Saved data entries
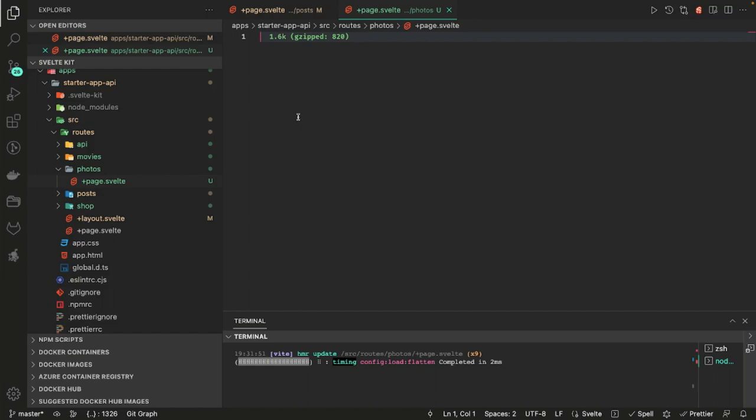I mean there are many ways to fetch the data. You can create a plus page dot ts, plus page dot server dot ts, or you can do everything inside just a Svelte component because we will be using the Svelte component lifecycle hook onMount to fetch the data at the client-side, purely client-side.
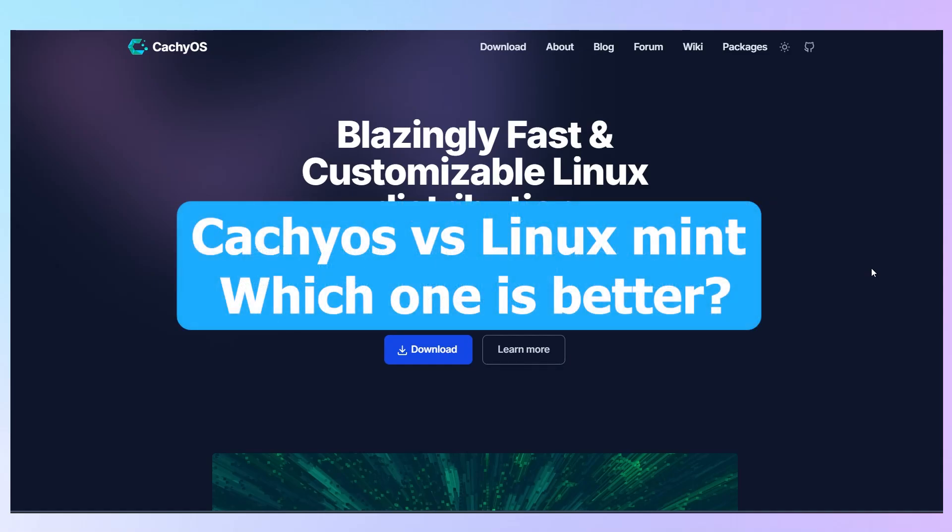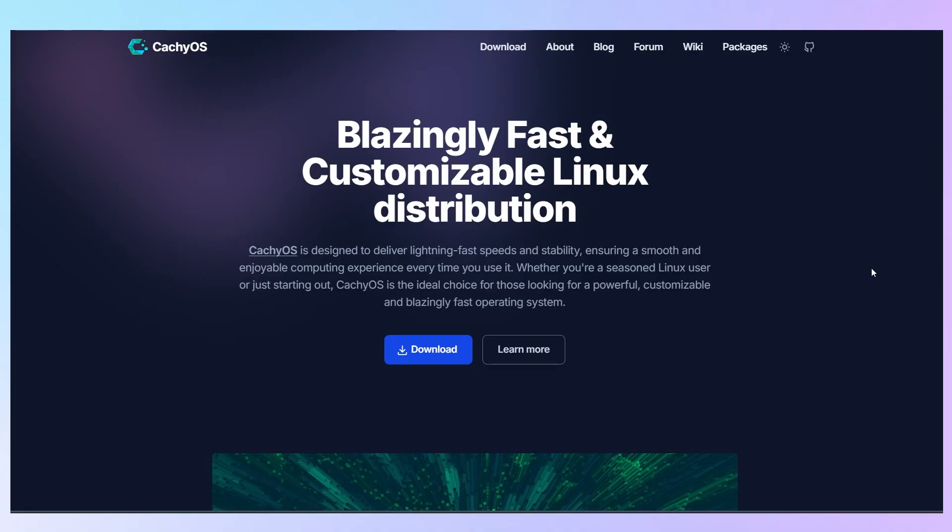Hey everyone, in this video, I'm going to compare CacheOS and Linux Mint to help you decide which Linux distro fits your needs best.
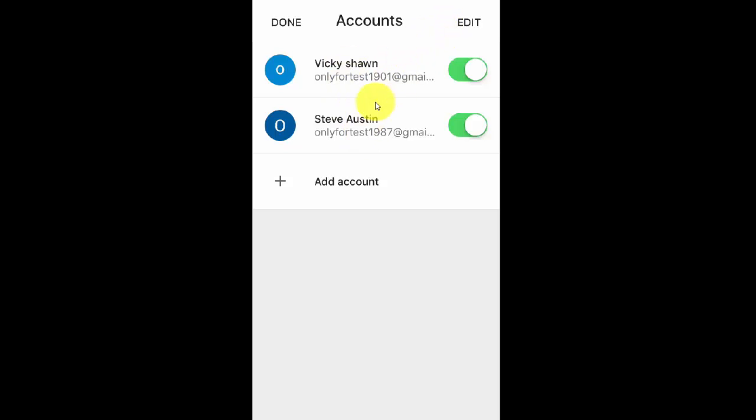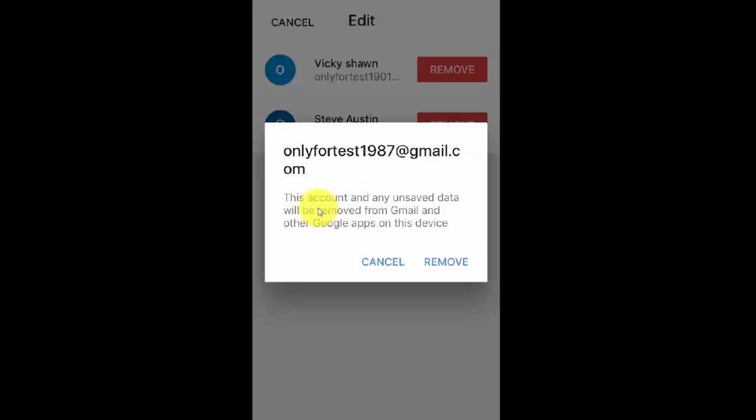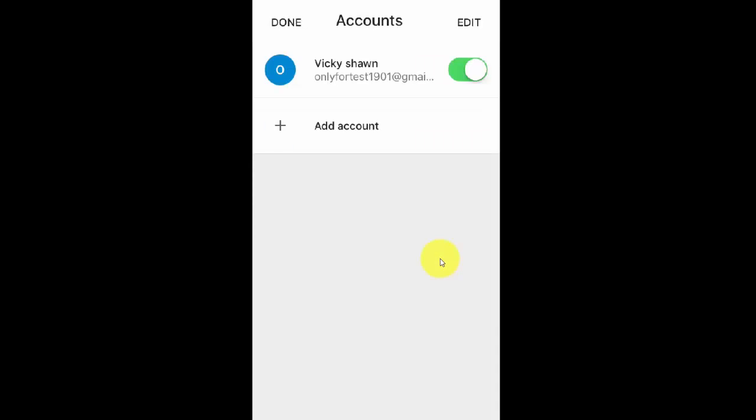I just want to remove this account, so I'm going to click Edit. While clicking Edit, you can see this remove button is enabled. If I want to remove this test account, just click the account and the answer is it will be removed from Gmail. If everything is okay, then click remove. That's it.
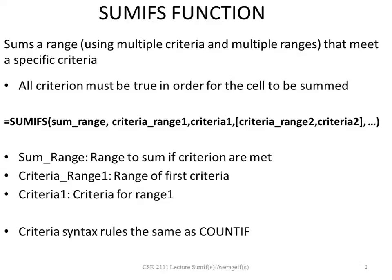Criteria 1 is the criteria that you are using for range 1. Criteria range 2 would be the range of the second criteria and criteria 2 would be the criteria for range 2. The criteria syntax rules are the same as the COUNTIF.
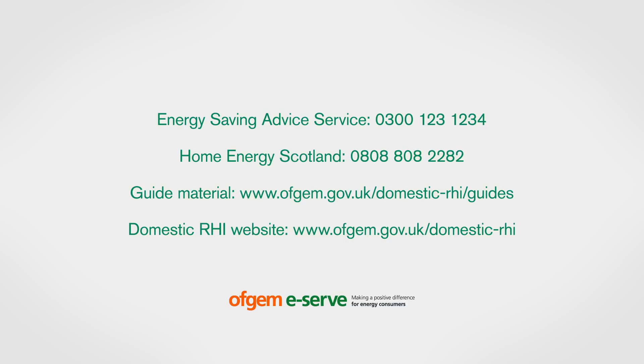This video is only a snapshot of the eligible heating systems. You can find further information about them and the domestic RHI scheme in our fact sheets and essential guides at ofgem.gov.uk.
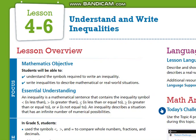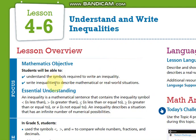Hello everyone, let's talk about what we are going to learn during this week. First of all, we will start with lesson 4-6, which is 'Understand and Write Inequalities.' The objective for this lesson is to understand the symbols required to write an inequality and to describe mathematical or real-world situations as inequalities.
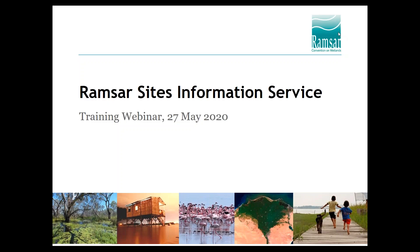The broadcast is now starting. All attendees are in listen-only mode. Welcome to the webinar for the Ramsar Sites Information Service. This webinar is for national focal points and Ramsar information sheet compilers. It is intended to help you designate and update Ramsar sites by showing the different aspects of the system.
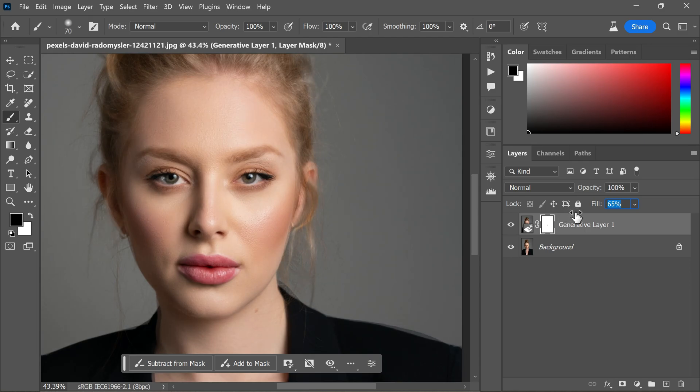But feel free to adjust the settings according to your preference. If you prefer a more dramatic effect, you can even use 100% opacity. There is no hard and fast rules here, it's all up to you.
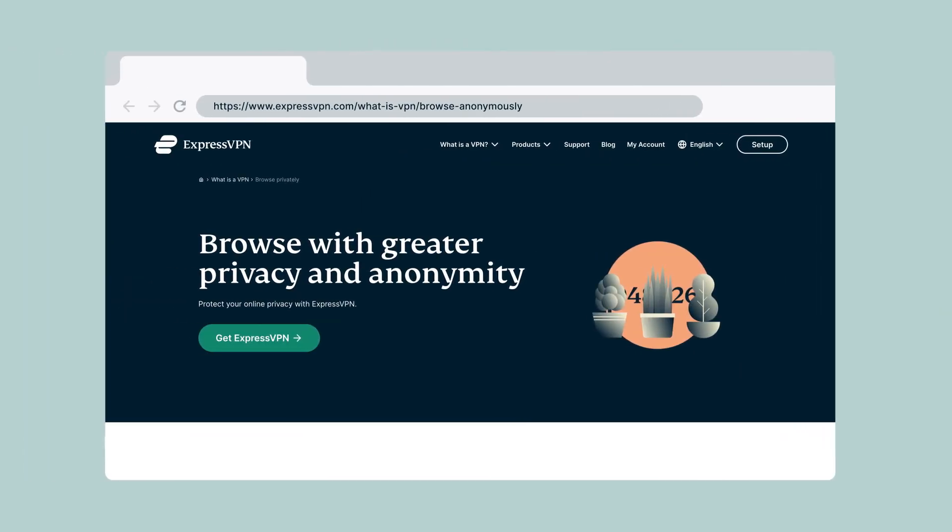ExpressVPN has many other features to keep you safe online. Explore our videos linked in the description below for other ways to enhance your Internet experience.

• Your goal
Your answer must be the lines above from the one holding "I just want" up to and including the one holding "But feel free", exact and with no pictures.

• Result for this exercise
I just want to remove this account, so I'm going to click Edit. While clicking Edit, you can see this remove button is enabled. If I want to remove this test account, just click the account and the answer is it will be removed from Gmail. If everything is okay, then click remove. That's it.
Criteria 1 is the criteria that you are using for range 1. Criteria range 2 would be the range of the second criteria and criteria 2 would be the criteria for range 2. The criteria syntax rules are the same as the COUNTIF.
This video is only a snapshot of the eligible heating systems. You can find further information about them and the domestic RHI scheme in our fact sheets and essential guides at ofgem.gov.uk.
Hello everyone, let's talk about what we are going to learn during this week. First of all, we will start with lesson 4-6, which is 'Understand and Write Inequalities.' The objective for this lesson is to understand the symbols required to write an inequality and to describe mathematical or real-world situations as inequalities.
The broadcast is now starting. All attendees are in listen-only mode. Welcome to the webinar for the Ramsar Sites Information Service. This webinar is for national focal points and Ramsar information sheet compilers. It is intended to help you designate and update Ramsar sites by showing the different aspects of the system.
But feel free to adjust the settings according to your preference. If you prefer a more dramatic effect, you can even use 100% opacity. There is no hard and fast rules here, it's all up to you.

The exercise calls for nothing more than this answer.